With pictures excluded, copy word for word the lines in the data below from the line containing "Trädgårdsmöbelset med kudde" through the line containing "Whiskey barrel bar".
━━━ Raw data
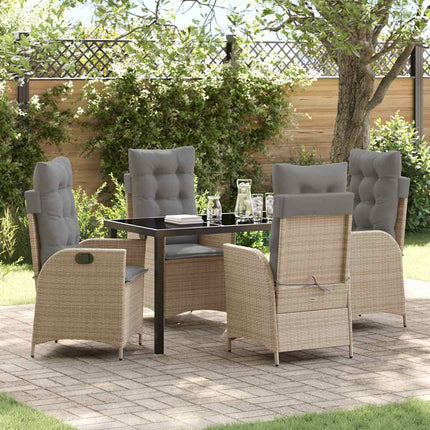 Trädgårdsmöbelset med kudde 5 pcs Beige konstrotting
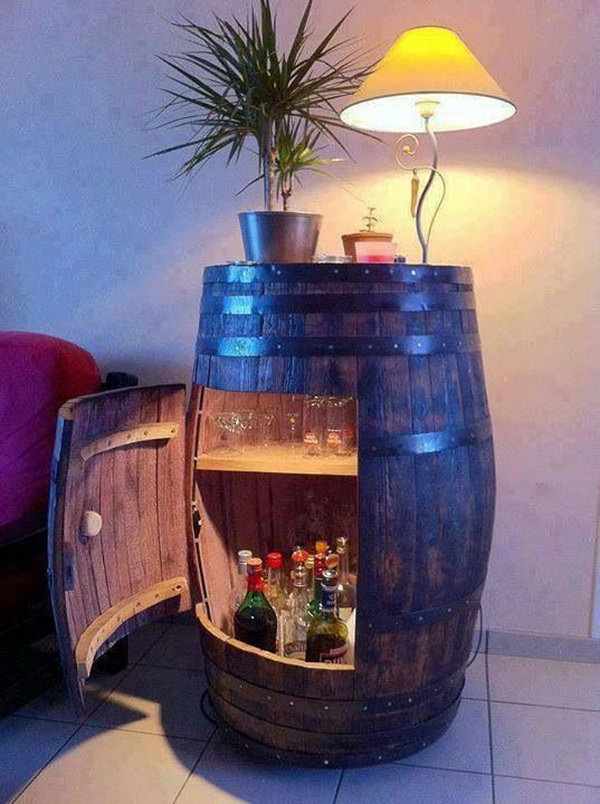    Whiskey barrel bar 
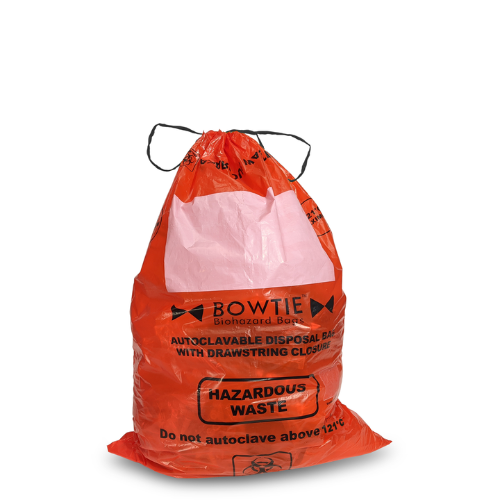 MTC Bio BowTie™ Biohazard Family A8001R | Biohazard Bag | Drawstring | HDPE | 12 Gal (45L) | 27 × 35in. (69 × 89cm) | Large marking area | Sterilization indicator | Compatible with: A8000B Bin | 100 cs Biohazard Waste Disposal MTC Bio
━━━━━━
━━━ Raw data
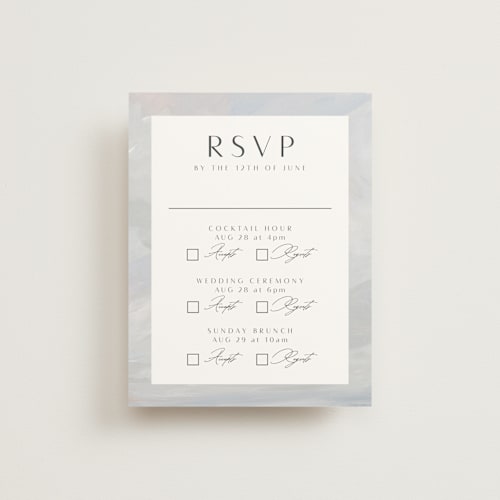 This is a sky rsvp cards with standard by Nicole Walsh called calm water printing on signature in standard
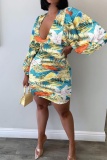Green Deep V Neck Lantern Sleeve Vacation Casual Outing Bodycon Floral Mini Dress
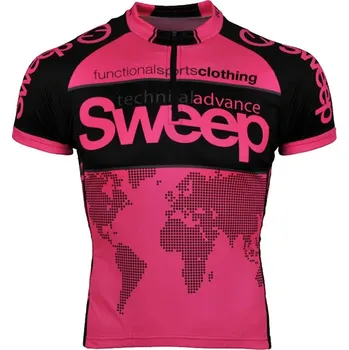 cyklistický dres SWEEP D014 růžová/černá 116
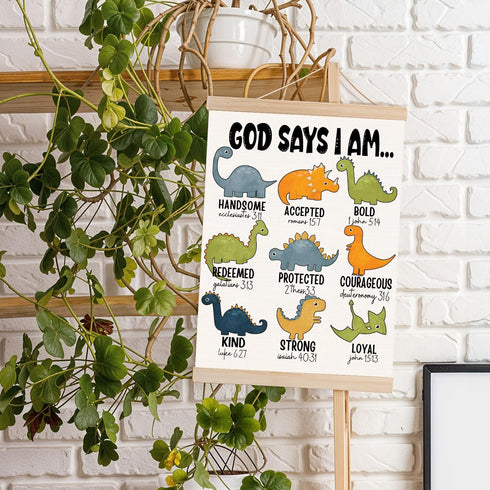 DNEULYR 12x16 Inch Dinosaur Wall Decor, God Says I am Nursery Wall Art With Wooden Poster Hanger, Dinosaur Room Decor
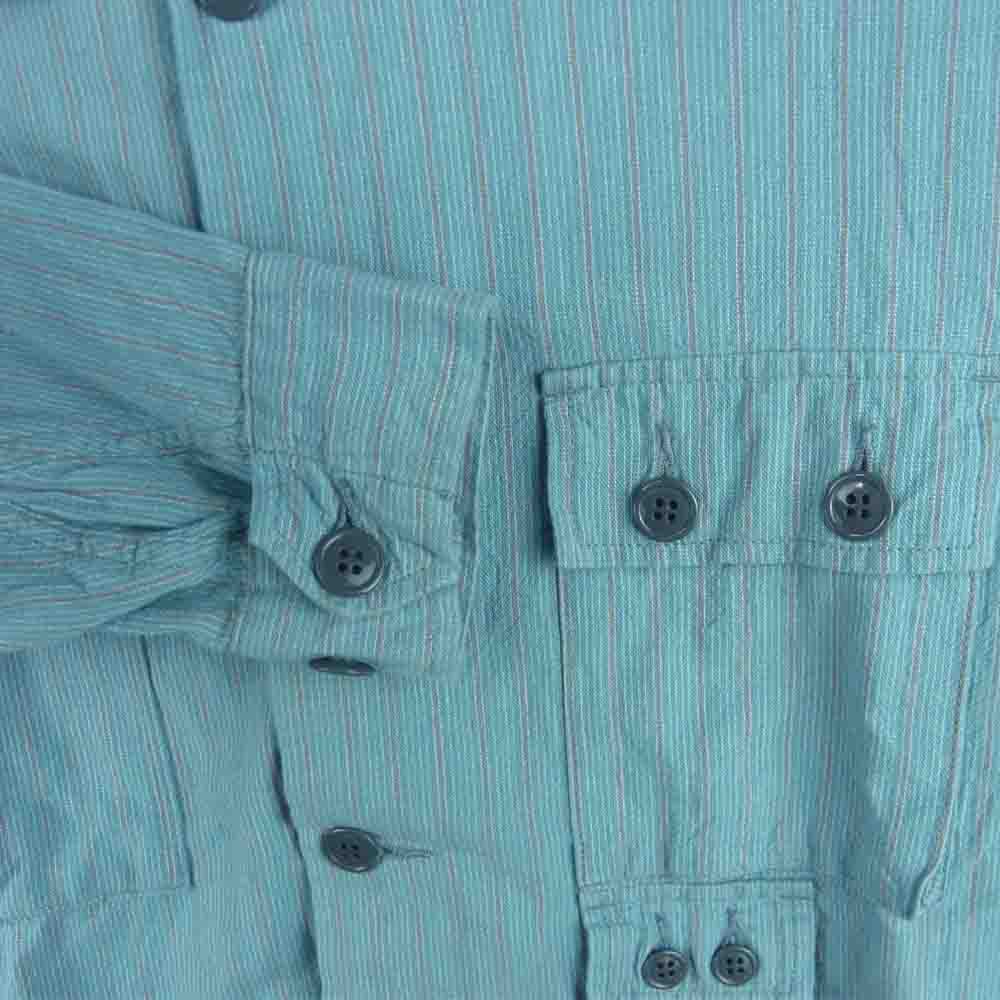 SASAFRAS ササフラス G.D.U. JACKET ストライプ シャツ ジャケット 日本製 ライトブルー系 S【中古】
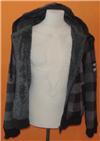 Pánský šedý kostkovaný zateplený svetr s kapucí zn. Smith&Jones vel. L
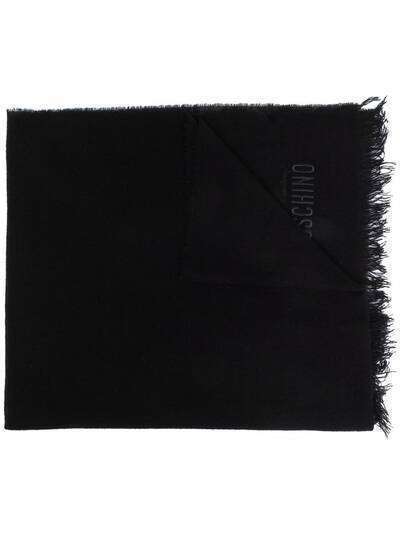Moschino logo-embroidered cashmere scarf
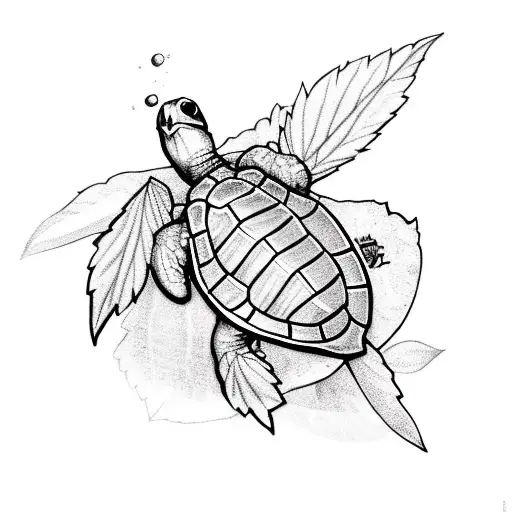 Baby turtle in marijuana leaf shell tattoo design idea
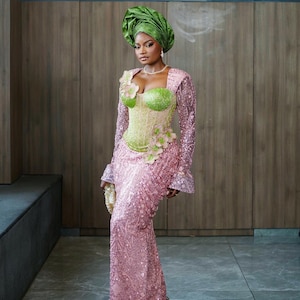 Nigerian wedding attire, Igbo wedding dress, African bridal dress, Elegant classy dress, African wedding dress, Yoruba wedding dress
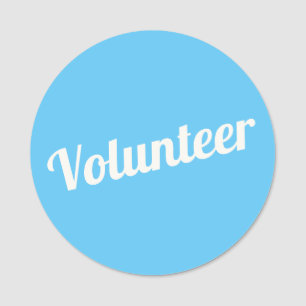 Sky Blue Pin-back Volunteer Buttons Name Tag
━━━━━━
━━━ Raw data
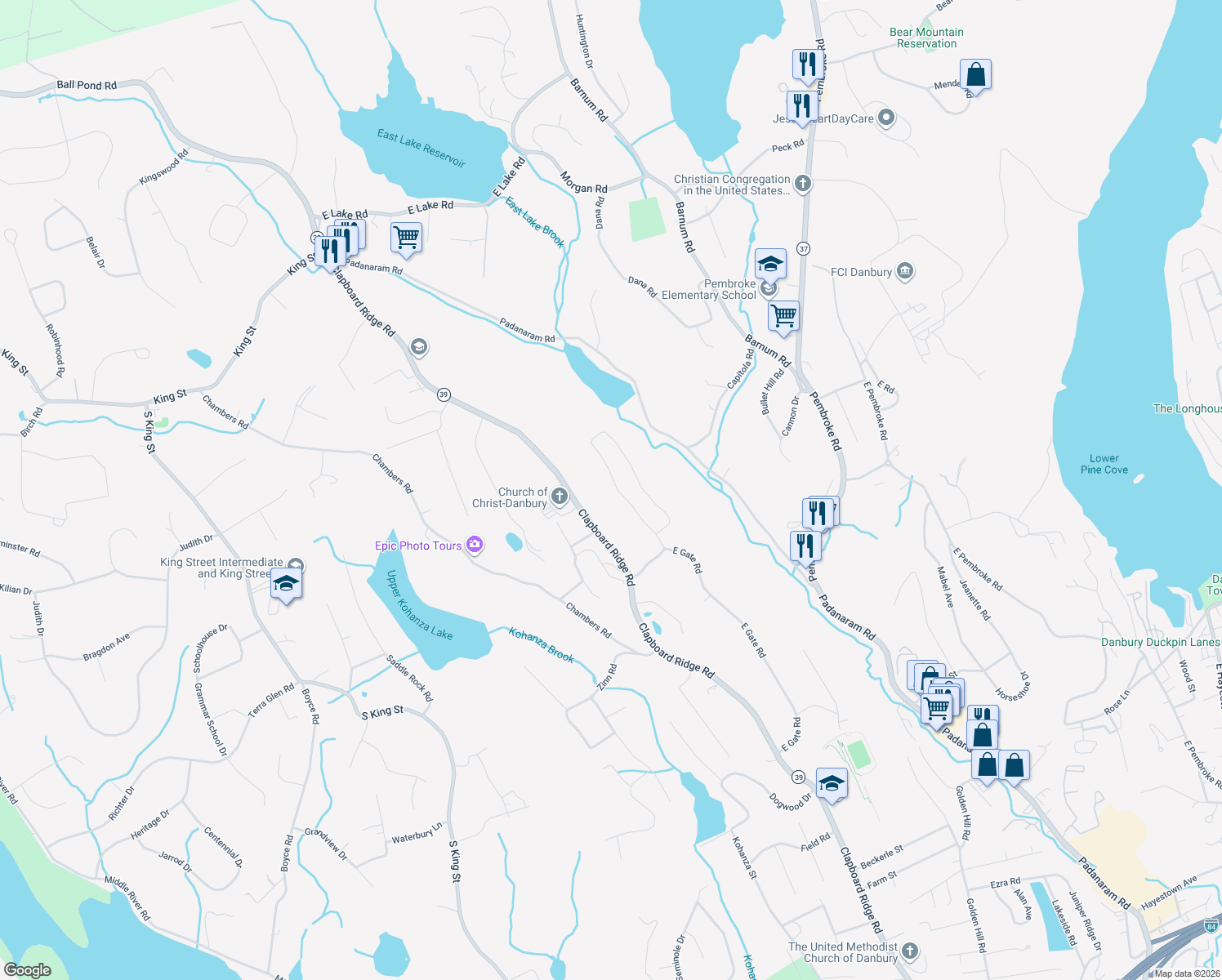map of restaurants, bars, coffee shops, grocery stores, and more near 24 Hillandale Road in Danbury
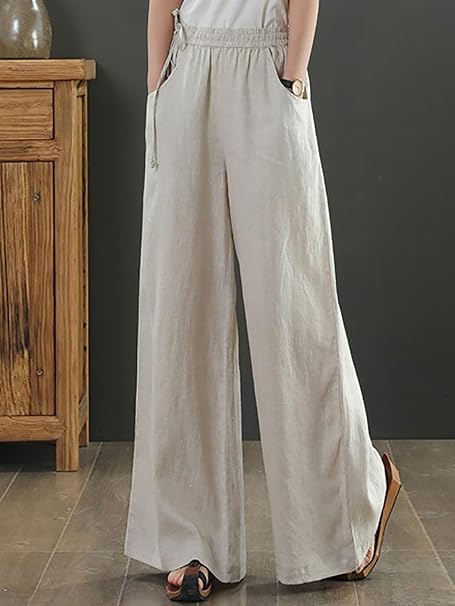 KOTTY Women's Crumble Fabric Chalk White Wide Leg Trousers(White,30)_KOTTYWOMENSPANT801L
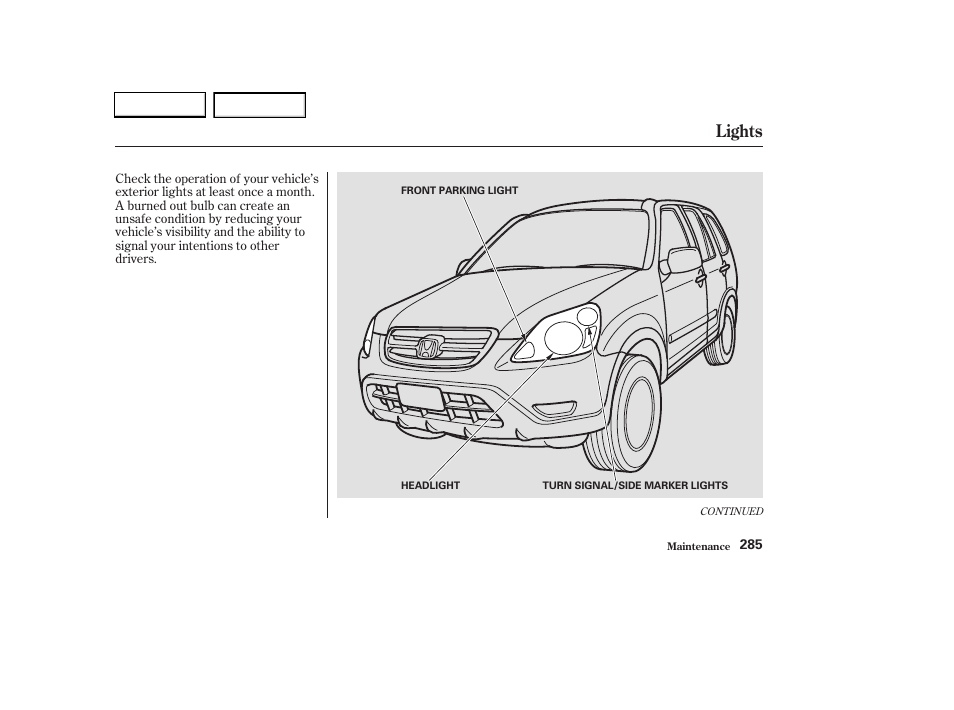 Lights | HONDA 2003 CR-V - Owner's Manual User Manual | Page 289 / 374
━━━━━━
◆ Result for this task:
 Trädgårdsmöbelset med kudde 5 pcs Beige konstrotting
    Whiskey barrel bar 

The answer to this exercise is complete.